Start of Study material

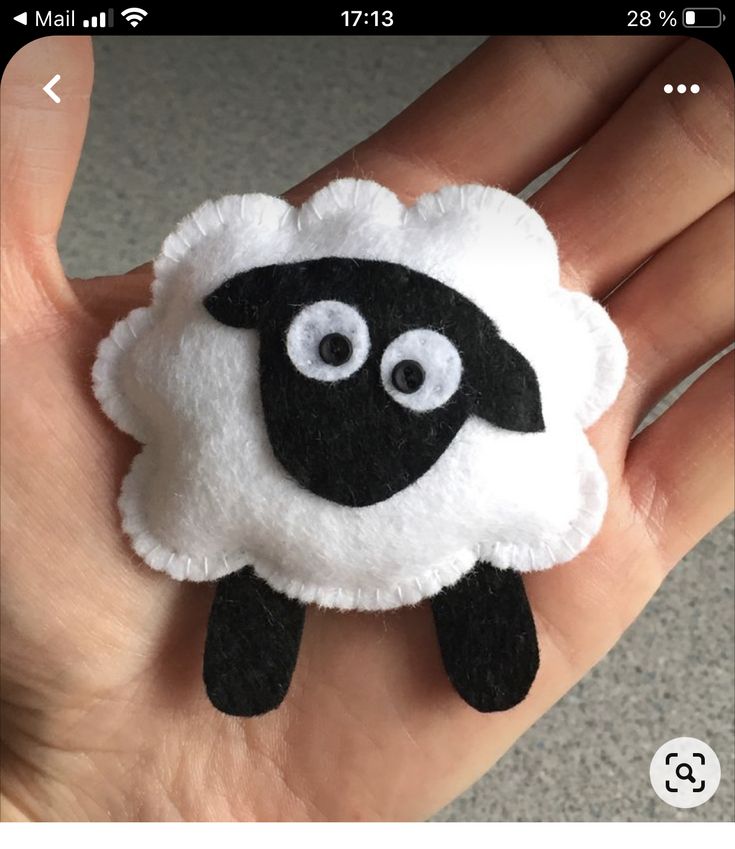 a hand holding a black and white sheep brooch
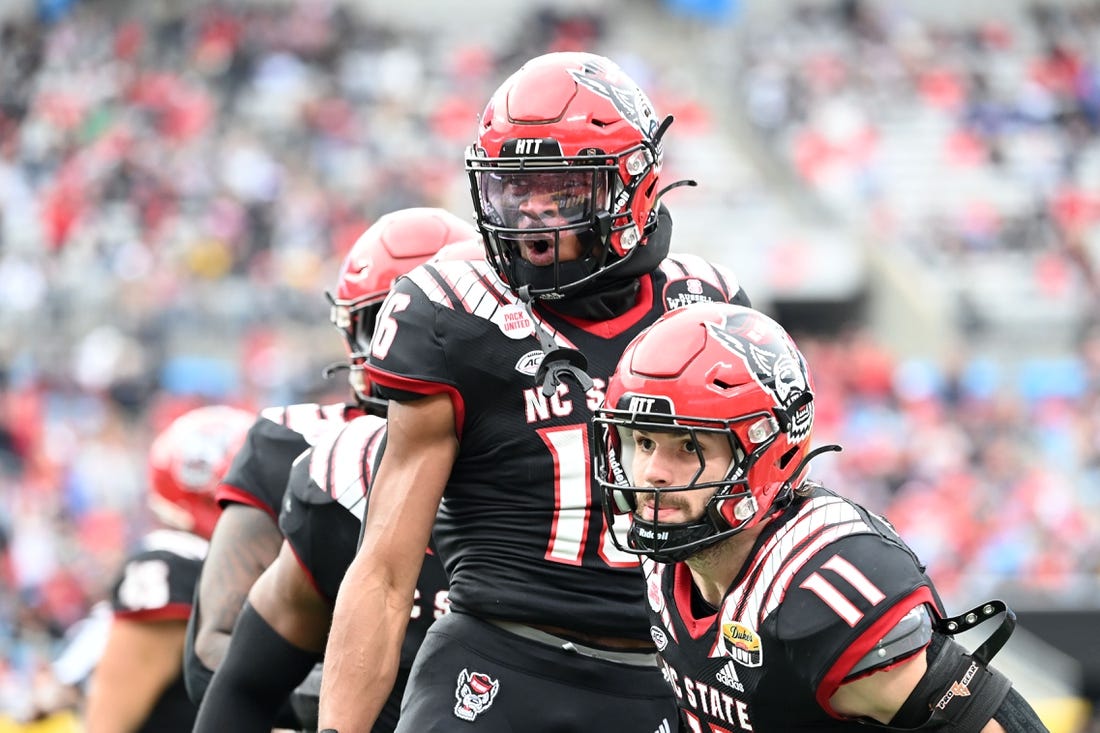 Dec 30, 2022; Charlotte, NC, USA; North Carolina State Wolfpack safety Rakeim Ashford (16) reacts with linebacker Payton Wilson (11) after intercepting the ball in the fourth quarter in the 2022 Duke's Mayo Bowl at Bank of America Stadium. Mandatory Credit: Bob Donnan-USA TODAY Sports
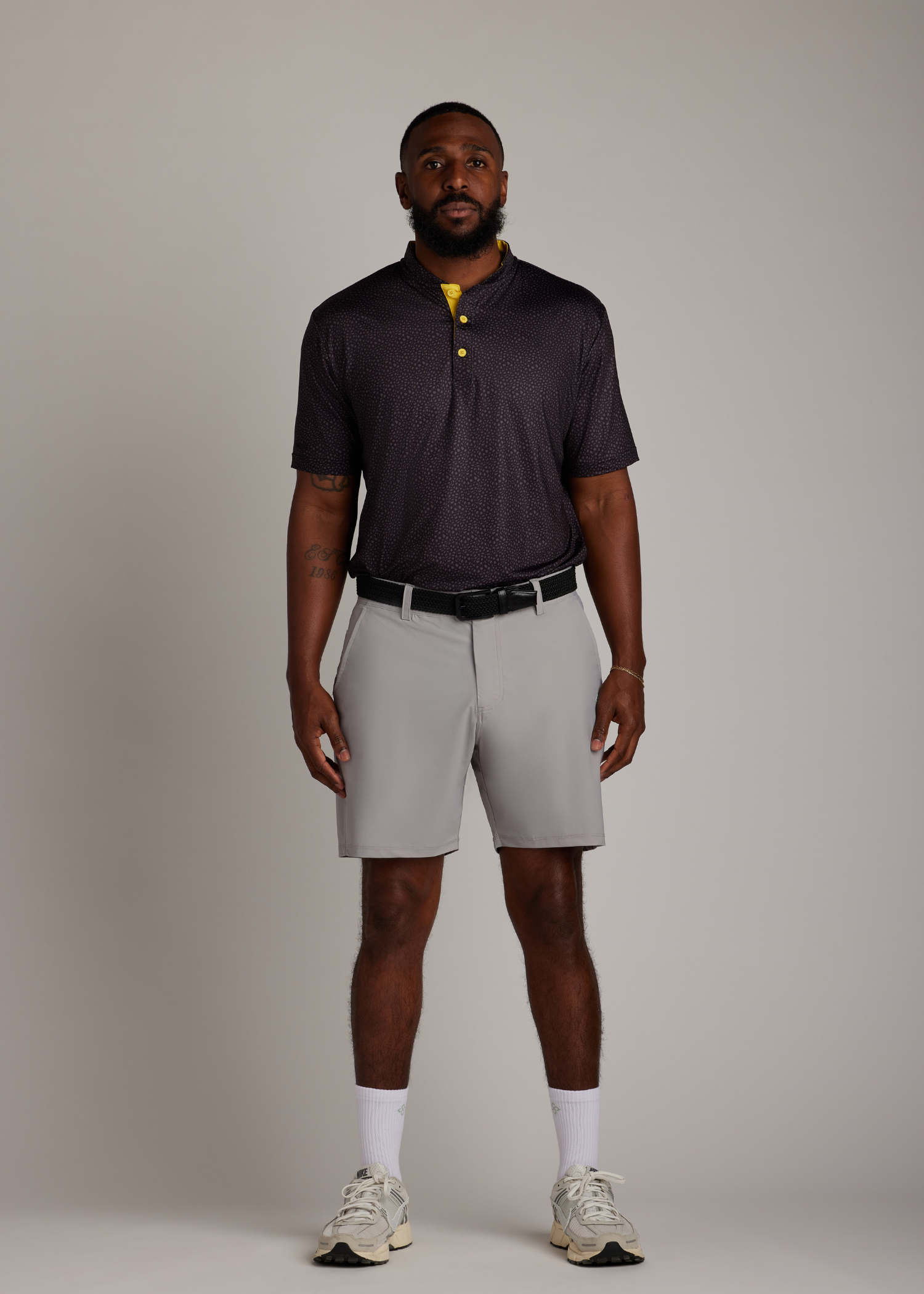 Black knitted belt with a pin buckle, offering durability and flexibility for versatile wear.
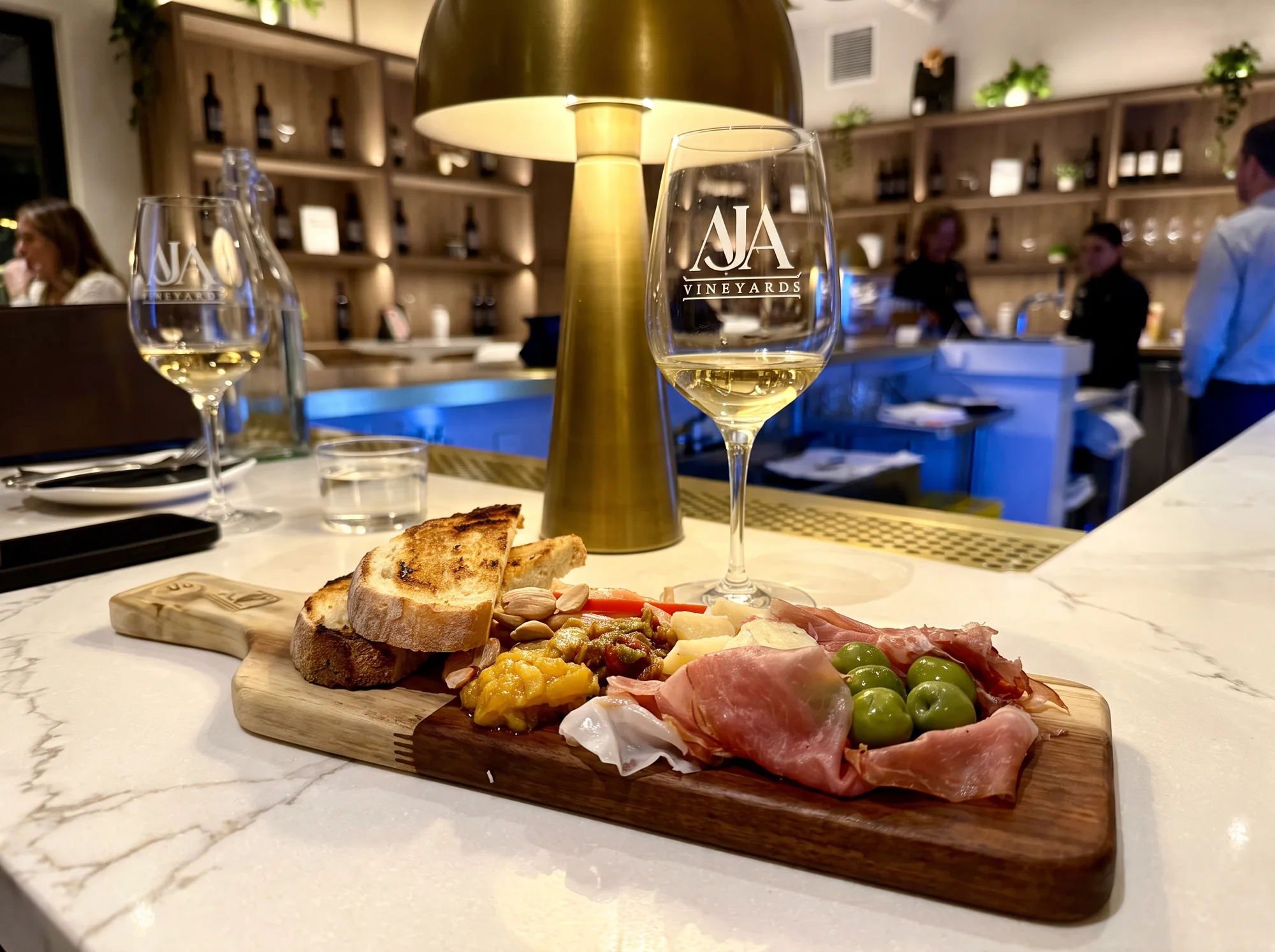 A charcuterie board of cured meats and cheeses alongside glasses of AJA wine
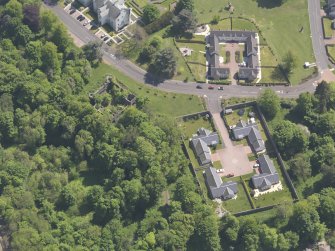 Oblique aerial view of Ballumbie Castle, taken from the WNW.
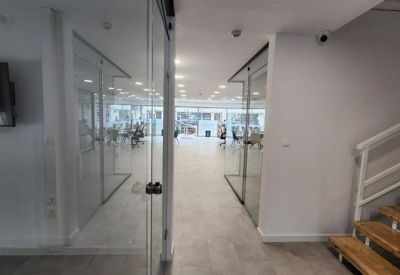 Modern hallway with glass-walled offices and a wooden staircase.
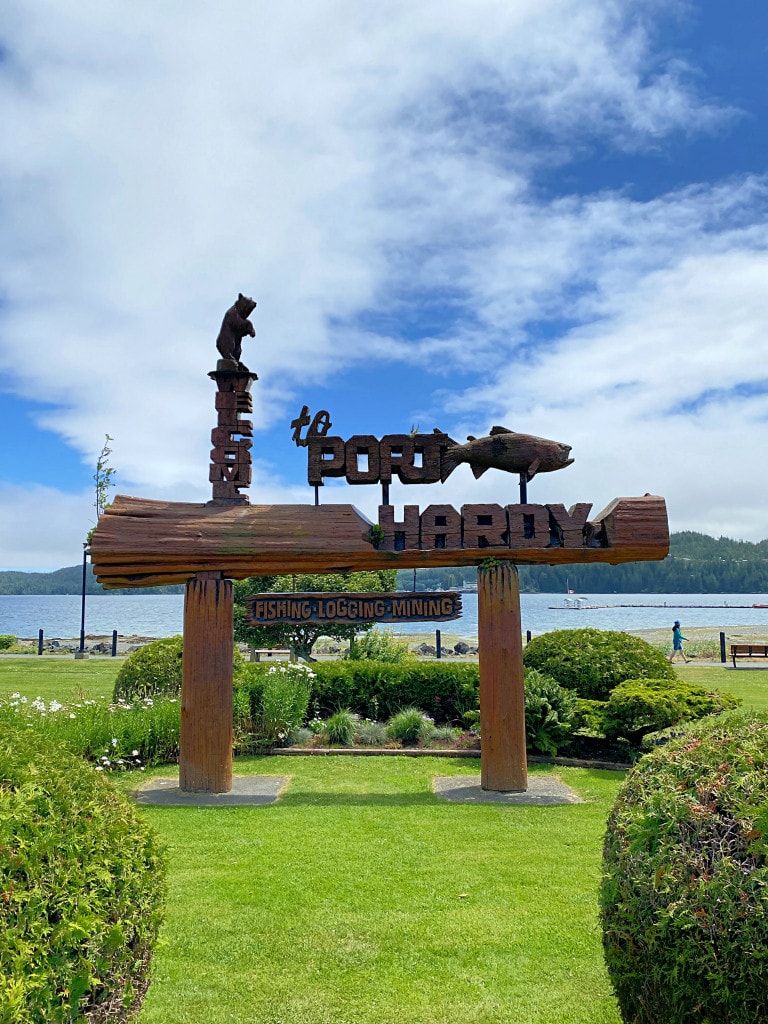 a carved welcome sign at an oceanside park in Port Hardy, BC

End of Study material

# [Work instructions]
Your reply should hold only the lines running from the one with "A charcuterie board" to the end of the data above, set down exactly, pictures omitted.

# [Written answer]
 A charcuterie board of cured meats and cheeses alongside glasses of AJA wine
 Oblique aerial view of Ballumbie Castle, taken from the WNW.
 Modern hallway with glass-walled offices and a wooden staircase.
 a carved welcome sign at an oceanside park in Port Hardy, BC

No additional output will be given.